Introduction

In this blog post I will explain how to write a simple ray marcher in CUDA hopefully without making it too technical… At least I’ll try my best. The post is divided into three parts. First, we’ll look at how the ray marching process works and what signed distance functions are. After that, we will have a quick introduction to CUDA. We will of course avoid the advanced and scary stuff because, frankly, I don’t know most of it either. Fortunately, it doesn’t prevent us from making something that can create pictures though! In the last section we will look at how I implemented everything in one of my personal projects. The reason I wrote a ray marcher was that I wanted to create fractals based on SDF formulas that were available online, but as far as I know there’s no way to access rays while Houdini is rendering. I also thought it would be a good idea to learn more about CUDA.

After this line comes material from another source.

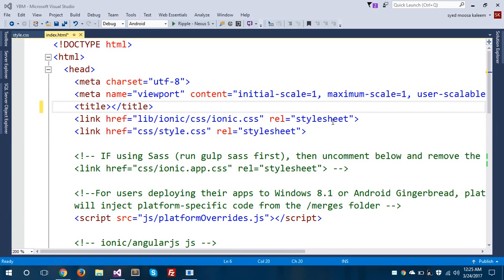Hello everyone, this is Syed Musa Kaleem from Epicop. Today we are going to see how we can build a simple Ionic 2 app in Visual Studio 2015. Before we dive in, I would like to walk you through the architecture of an Ionic app, how you can create files, manage pages, and create a simple Ionic 2 app in Visual Studio 2015.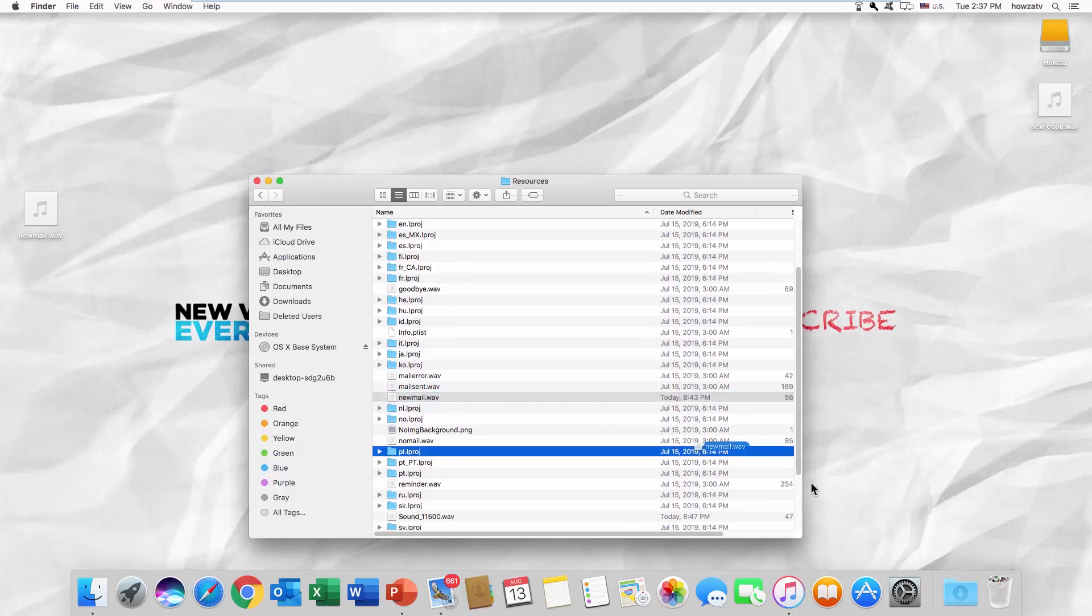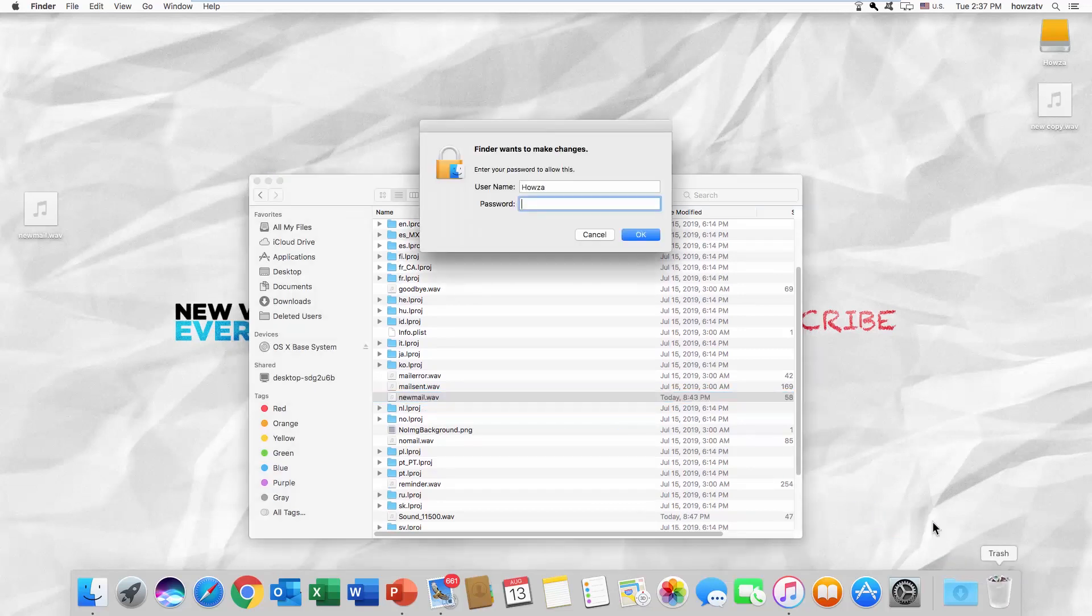Drag and drop the file into trash. Enter your password and click OK.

The code for my ray marcher is on GitHub: https://github.com/jonathangranskog/simpleCudaRayMarcher/

Basics of Ray Marching

So let’s get right into it. Before we can start talking about anything else, let’s first understand what an SDF is. SDFs is the abbreviation of signed-distance field or signed-distance function, both are commonly used. The name sounds fancy and technical, but actually it is pretty clear. ‘Function’ or ‘Field’ suggests that at some (3D) point you can get a value. What is the value you ask? Well, it’s just a distance to the nearest surface. And ‘signed’ simply means that the distance uses plus and minus signs to describe whether the point is outside or inside the surface. A positive value X returned from an SDF at some point in space means that the point is outside the surface and if you move X units in some direction you will be on the surface of some object. Negative values means that the point is inside the object and similarly if you move X (without the minus sign) units you will be on the surface. That’s really all there is to SDFs.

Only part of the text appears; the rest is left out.